The great backpack race
It was directly after lunch that the great Knapsack Challenge was held. This event was cancelled yesterday due to the inclement weather, so a much softer version was held today. A two kilometre flat time trial, finishing with a climb of 500 metres of 7% gradient. The Slim Jims consisted of Shannon, Sambo, Rupert and Matt, who all had up to 20kg of sand in backpacks attached to the shoulders. The Fat Cats were Marto, Watty, Marky T and Tommy Boy, all these lads were close to or over 100kg's. Marto and Watty were given a 45 second headstart and the race was on. The handicap proved too much as Watty crossed the line a clear winner, proving his point that fat is stronger than muscle. Second was Tommy Boy, then Mark T and the first of the dejected Slim Jims was Rupert. It was awesome to watch and the rest of the riders awaited atop the climb and cheered on their chosen hero. The finish resembled a battlefield with the chosen racers collapsed over bike frames and sucking in some big breaths. It was so much fun that it was suggested the Challenge event to Townsville 2014 will be the next rematch.

Launceston here we come
The finish into Launceston was again a very easy 20 kilometres and the amazing thing about todays stage was that we somehow managed to turn a four hour ride into an eight hours journey! Like I said a pretty cruisy day was expected and delivered on one of the nicest sun shiny days we have had all tour. Life does not get more perfect on the bike than what we experienced today. So after eight most memorable days of riding -some good and some very cold and wet memories thrown in there- we returned to our starting point at the Launceston Hotel and we're greeted by our road crew and a huge turnout of Kates family members and the lovely Mary, who is Kevvy's very patient and understanding Wife. Congratulatory hugs were passed all round and the huddle was handed over to the delightful and beautiful Maria Smiddy.

Bikes were hastily packed into their boxes and a little R&R was appreciated prior to our final dinner function tonight.

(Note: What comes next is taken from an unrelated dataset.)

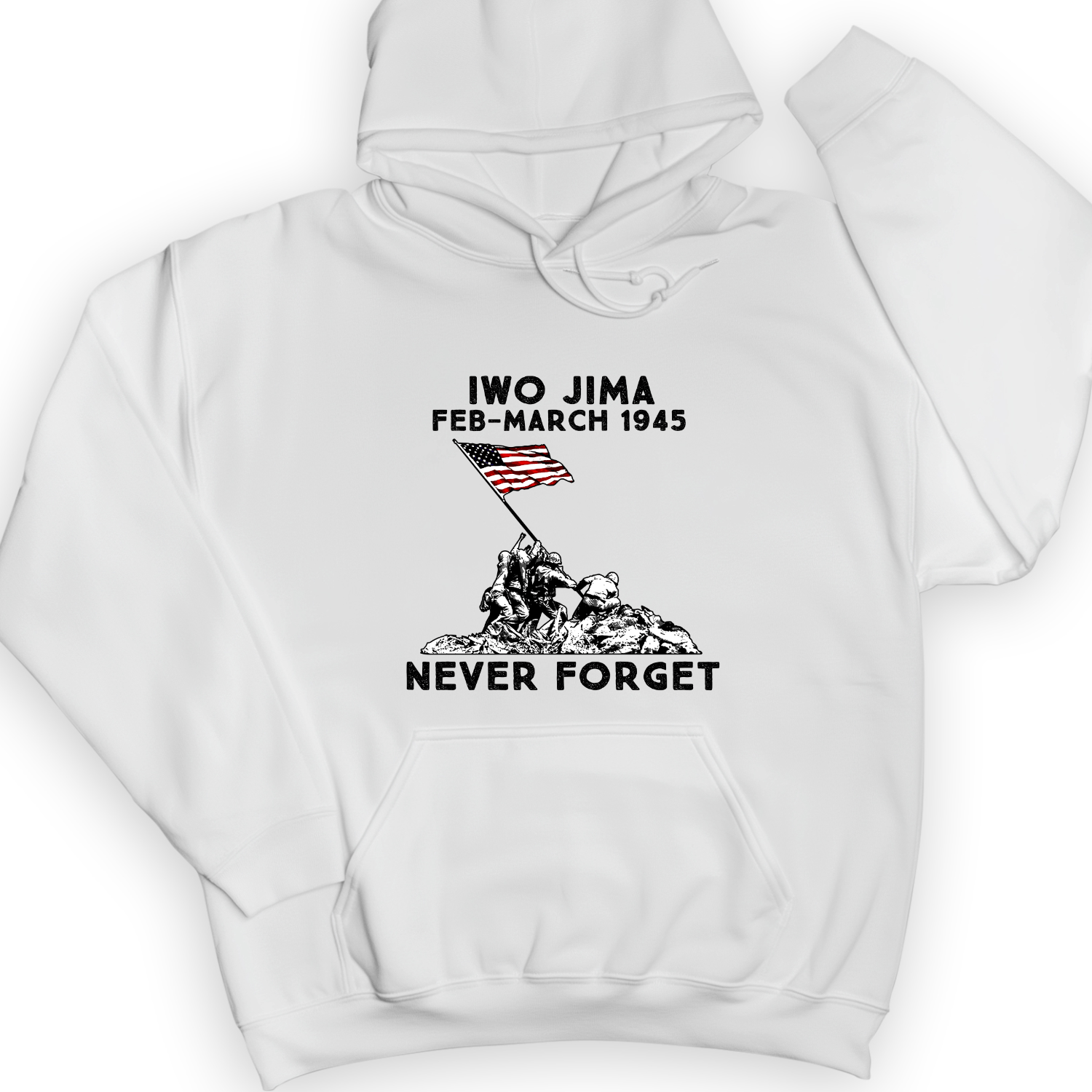 Iwo Jima Hoodie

Beautiful people and amazing journeys
This trip, like all 7in7 and Smiddy journeys is not about proving how good we are at riding a bike. It has, and always will be, a journey about people, very special people like the riders and road crew and the amazing hospitality and generosity of the people that we meet along the way. For the past 24 days and nights my journey has introduced me to many hundreds of these exceptional people and I consider myself extremely lucky to be alive and to appreciate each and every contact. To finish I would just like to make a few observations and memories of the 36 very special people I have had the pleasure of spending the past eight days with.

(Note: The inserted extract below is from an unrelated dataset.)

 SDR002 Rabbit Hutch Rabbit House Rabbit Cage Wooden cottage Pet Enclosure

Lisa, I'll remember for not only being one of the most polite ladies I have ever met but her ability to wear next to nothing in the coldest conditions, while the rest of us are layered up in everything we own. She belongs at the North Pole.

Mick and his newspaper in his back pocket that he carried with him for three weeks, never using it once but happy to share the legend of the old timers who used this method in the 1940's to keep them warm on the descents to anyone that would listen. Also Mick for your caring attitude towards your fellow riders and road crew.

Clinton it was a huge pleasure to have you join us for a day and you fitted in well with our riding style right from the get go. Nice work mate.

Pete so good to see you ride the last three days of this journey with us mate. There is nothing that you can't do now that you have accomplished finishing the Challenge and a leg of the 7in7.

Mel thank you for spoiling me with special deserts at some of the nighttime dinners. When a desert was not available out would come the mars bars and kit kats. Also for your amazing support and help to make the last two years of 7in7 a reality.

Nat and Paula not only are the only riders who use hankies to blow their nostrils but are two of the most respectful and grateful girls in the peloton. And so bloody strong and determined.

Sambo I will always remember your kindness, politeness, (as long as I don't mistake you for Marto) and your skin coloured face zinc.

Nicole your friendliness and incredible strength on the bike. You have a great season ahead of you in triathlon.

Bryan and your poetic outlook on life and doing the ride for your mum. The pace was at times to high for you but you always got on with the job.

Marky T for asking me if he can do 7in7 in 2014 before this year's event was over. I love how highly you spoke about your love for your partner Cheryl. I love that you got how I feel about my lady Alyssa.

Shannon what a pleasure getting to know you and finding out how much you care about your fellow rider and road crew members. I look forward to more adventures to come.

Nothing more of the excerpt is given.